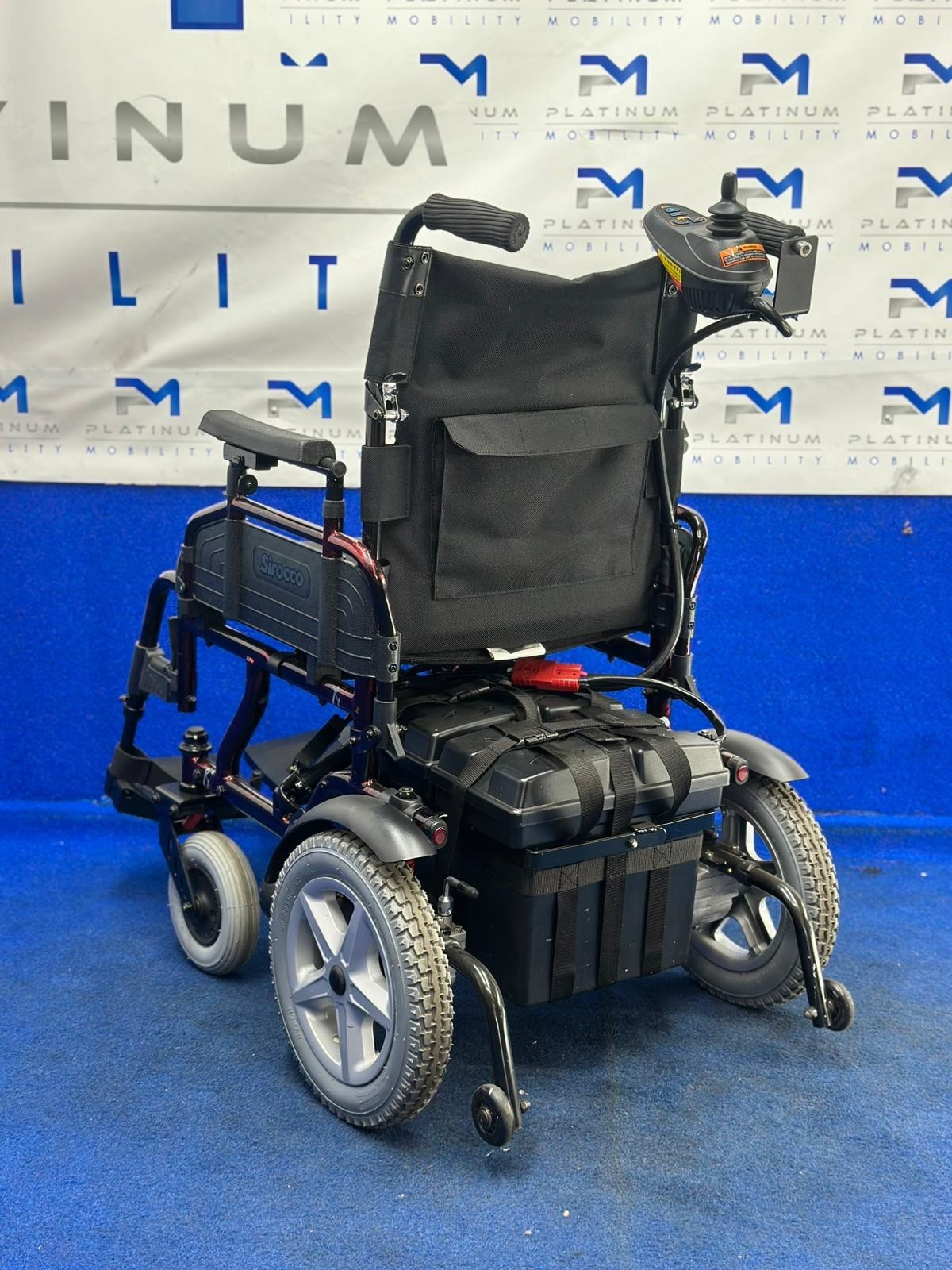 ROMA SIROCCO 4MPH ATTENDANT CONTROLED ELECTRIC WHEELCHAIR POWERCHAIR 1228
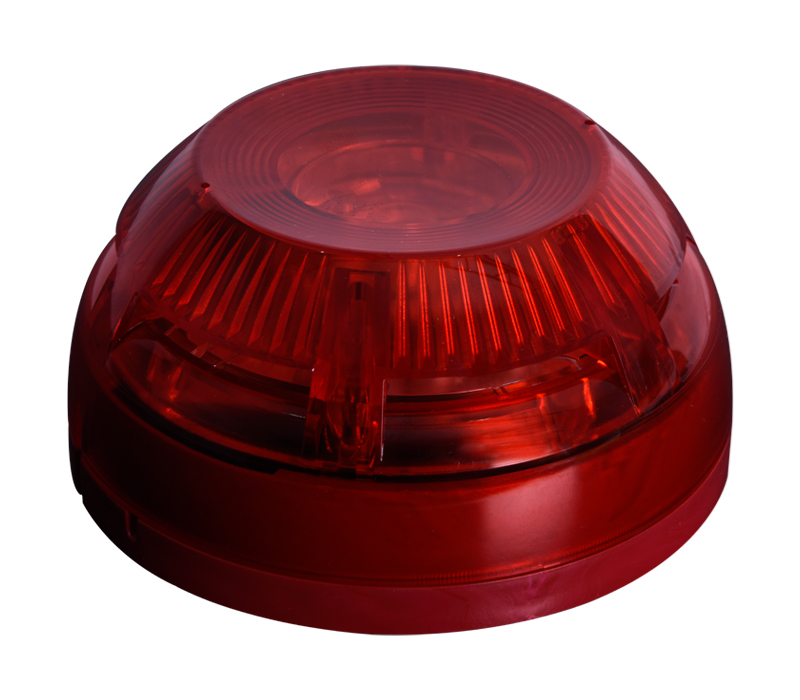 TEKNİM TFS-3192R Flaşörlü Yangın Alarm Sireni, Kırmızı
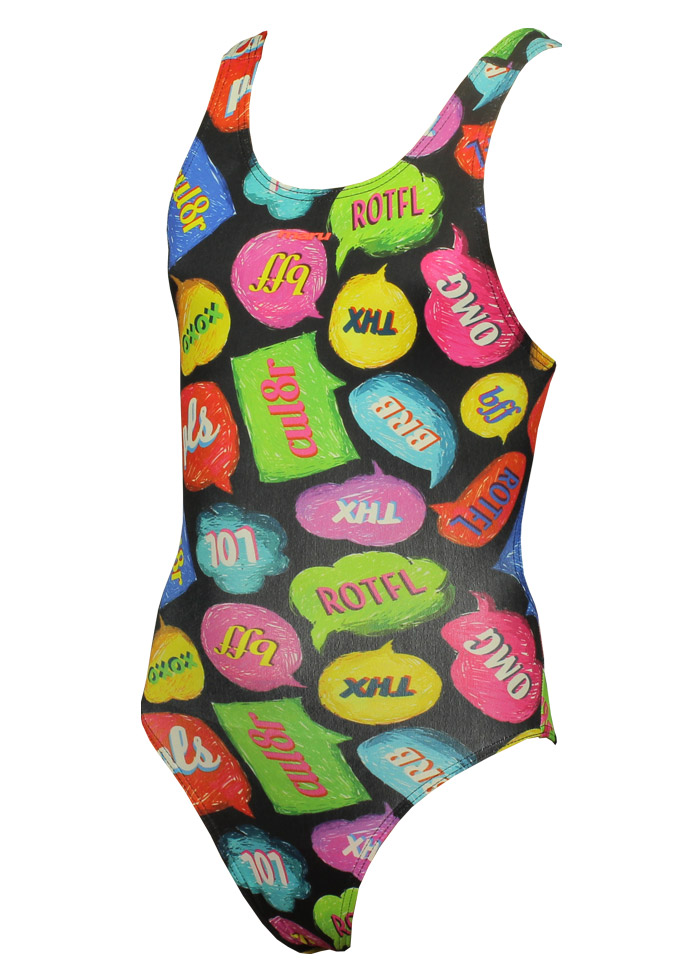 Maru Girls TXT Pacer Auto Back Swimsuit
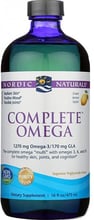 Nordic Naturals Complete Omega Lemon 1270 mg Омега 3-6-9 со вкусом лимона 473 мл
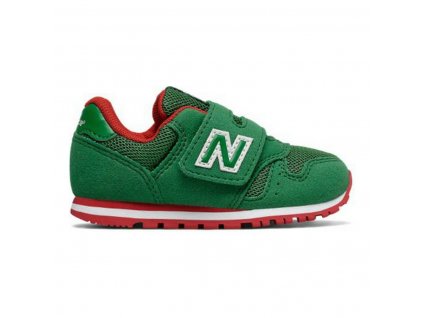 Sportovní boty pro miminka New Balance IV373GR zelená (Velikost nohy 20)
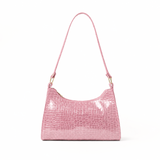 Croc-Embossed Baguette Bag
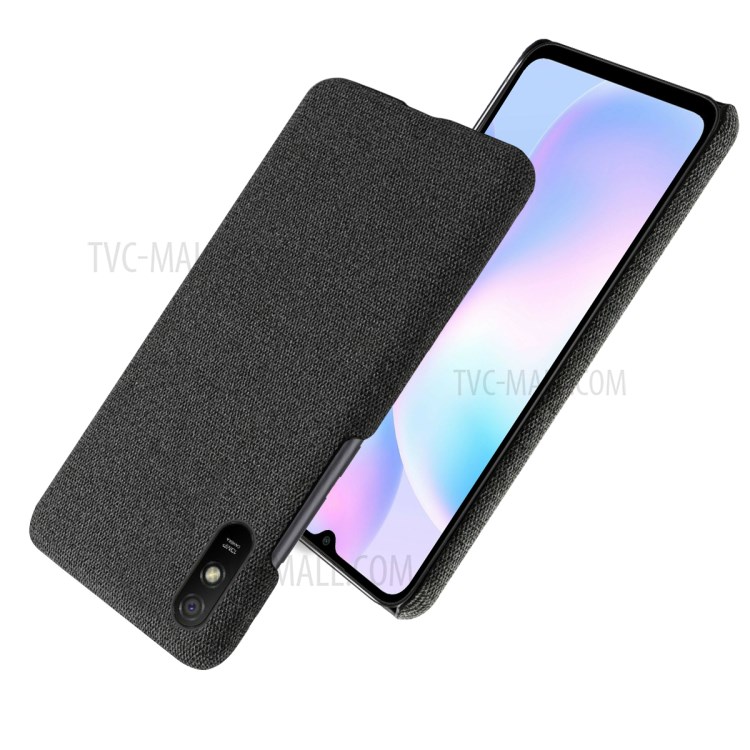KSQ Cloth + PC Unique Design Protective Cover for Xiaomi Redmi 9A - Black-3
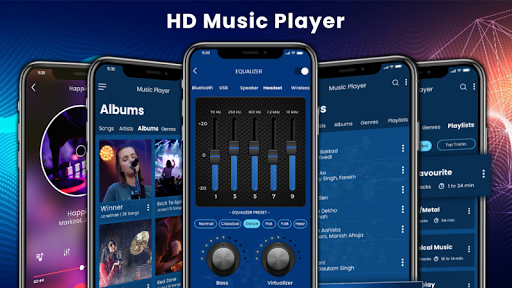 S10 Music Player - Music Player for S10 Galaxy - عکس برنامه موبایلی اندروید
....
▶ **TASK BRIEF**
An exact copy is needed of every line from the one holding "Sportovní boty pro" to the end of the entries above, both ends kept and each picture dropped.

▶ **REPLY TO THE TASK**
 Sportovní boty pro miminka New Balance IV373GR zelená (Velikost nohy 20)
 Croc-Embossed Baguette Bag
KSQ Cloth + PC Unique Design Protective Cover for Xiaomi Redmi 9A - Black-3
 S10 Music Player - Music Player for S10 Galaxy - عکس برنامه موبایلی اندروید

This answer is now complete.